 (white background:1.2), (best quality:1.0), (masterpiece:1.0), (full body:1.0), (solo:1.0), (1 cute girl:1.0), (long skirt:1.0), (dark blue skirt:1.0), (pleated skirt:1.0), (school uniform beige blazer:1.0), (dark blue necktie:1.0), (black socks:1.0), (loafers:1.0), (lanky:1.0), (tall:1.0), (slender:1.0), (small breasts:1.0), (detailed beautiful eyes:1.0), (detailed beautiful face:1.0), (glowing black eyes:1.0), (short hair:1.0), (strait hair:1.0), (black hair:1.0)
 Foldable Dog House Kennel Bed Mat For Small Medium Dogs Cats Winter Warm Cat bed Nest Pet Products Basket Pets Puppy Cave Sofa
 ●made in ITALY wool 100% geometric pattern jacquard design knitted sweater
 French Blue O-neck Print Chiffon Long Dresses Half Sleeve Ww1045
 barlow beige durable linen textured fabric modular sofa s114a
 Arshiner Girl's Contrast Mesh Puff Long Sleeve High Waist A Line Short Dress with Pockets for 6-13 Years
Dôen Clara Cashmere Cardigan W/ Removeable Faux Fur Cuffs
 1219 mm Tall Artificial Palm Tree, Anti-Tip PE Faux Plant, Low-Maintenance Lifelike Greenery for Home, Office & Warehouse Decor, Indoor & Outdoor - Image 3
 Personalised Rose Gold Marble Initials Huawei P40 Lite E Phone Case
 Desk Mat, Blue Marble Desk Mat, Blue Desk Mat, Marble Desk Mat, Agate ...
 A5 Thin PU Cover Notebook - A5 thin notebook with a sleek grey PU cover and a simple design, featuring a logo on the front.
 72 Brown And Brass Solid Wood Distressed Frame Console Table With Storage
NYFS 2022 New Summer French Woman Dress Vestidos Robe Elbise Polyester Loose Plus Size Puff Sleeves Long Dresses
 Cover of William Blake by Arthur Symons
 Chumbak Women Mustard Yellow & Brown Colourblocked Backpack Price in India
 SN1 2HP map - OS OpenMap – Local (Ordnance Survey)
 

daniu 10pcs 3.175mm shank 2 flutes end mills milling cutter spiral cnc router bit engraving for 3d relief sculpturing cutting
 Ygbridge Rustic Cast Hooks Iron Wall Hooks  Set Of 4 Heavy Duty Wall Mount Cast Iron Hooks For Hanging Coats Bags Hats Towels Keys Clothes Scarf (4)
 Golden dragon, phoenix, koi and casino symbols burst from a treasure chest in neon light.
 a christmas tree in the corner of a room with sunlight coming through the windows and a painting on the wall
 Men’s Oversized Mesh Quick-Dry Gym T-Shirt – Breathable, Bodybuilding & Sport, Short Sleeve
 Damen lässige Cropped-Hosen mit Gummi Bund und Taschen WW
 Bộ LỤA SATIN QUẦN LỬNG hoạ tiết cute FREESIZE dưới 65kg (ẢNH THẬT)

* * * * * * * * *

**WORK REQUIRED:**
Every line above is to be transcribed exactly, with nothing dropped.

**OUTPUT:**
 (white background:1.2), (best quality:1.0), (masterpiece:1.0), (full body:1.0), (solo:1.0), (1 cute girl:1.0), (long skirt:1.0), (dark blue skirt:1.0), (pleated skirt:1.0), (school uniform beige blazer:1.0), (dark blue necktie:1.0), (black socks:1.0), (loafers:1.0), (lanky:1.0), (tall:1.0), (slender:1.0), (small breasts:1.0), (detailed beautiful eyes:1.0), (detailed beautiful face:1.0), (glowing black eyes:1.0), (short hair:1.0), (strait hair:1.0), (black hair:1.0)
 Foldable Dog House Kennel Bed Mat For Small Medium Dogs Cats Winter Warm Cat bed Nest Pet Products Basket Pets Puppy Cave Sofa
 ●made in ITALY wool 100% geometric pattern jacquard design knitted sweater
 French Blue O-neck Print Chiffon Long Dresses Half Sleeve Ww1045
 barlow beige durable linen textured fabric modular sofa s114a
 Arshiner Girl's Contrast Mesh Puff Long Sleeve High Waist A Line Short Dress with Pockets for 6-13 Years
Dôen Clara Cashmere Cardigan W/ Removeable Faux Fur Cuffs
 1219 mm Tall Artificial Palm Tree, Anti-Tip PE Faux Plant, Low-Maintenance Lifelike Greenery for Home, Office & Warehouse Decor, Indoor & Outdoor - Image 3
 Personalised Rose Gold Marble Initials Huawei P40 Lite E Phone Case
 Desk Mat, Blue Marble Desk Mat, Blue Desk Mat, Marble Desk Mat, Agate ...
 A5 Thin PU Cover Notebook - A5 thin notebook with a sleek grey PU cover and a simple design, featuring a logo on the front.
 72 Brown And Brass Solid Wood Distressed Frame Console Table With Storage
NYFS 2022 New Summer French Woman Dress Vestidos Robe Elbise Polyester Loose Plus Size Puff Sleeves Long Dresses
 Cover of William Blake by Arthur Symons
 Chumbak Women Mustard Yellow & Brown Colourblocked Backpack Price in India
 SN1 2HP map - OS OpenMap – Local (Ordnance Survey)
 

daniu 10pcs 3.175mm shank 2 flutes end mills milling cutter spiral cnc router bit engraving for 3d relief sculpturing cutting
 Ygbridge Rustic Cast Hooks Iron Wall Hooks  Set Of 4 Heavy Duty Wall Mount Cast Iron Hooks For Hanging Coats Bags Hats Towels Keys Clothes Scarf (4)
 Golden dragon, phoenix, koi and casino symbols burst from a treasure chest in neon light.
 a christmas tree in the corner of a room with sunlight coming through the windows and a painting on the wall
 Men’s Oversized Mesh Quick-Dry Gym T-Shirt – Breathable, Bodybuilding & Sport, Short Sleeve
 Damen lässige Cropped-Hosen mit Gummi Bund und Taschen WW
 Bộ LỤA SATIN QUẦN LỬNG hoạ tiết cute FREESIZE dưới 65kg (ẢNH THẬT)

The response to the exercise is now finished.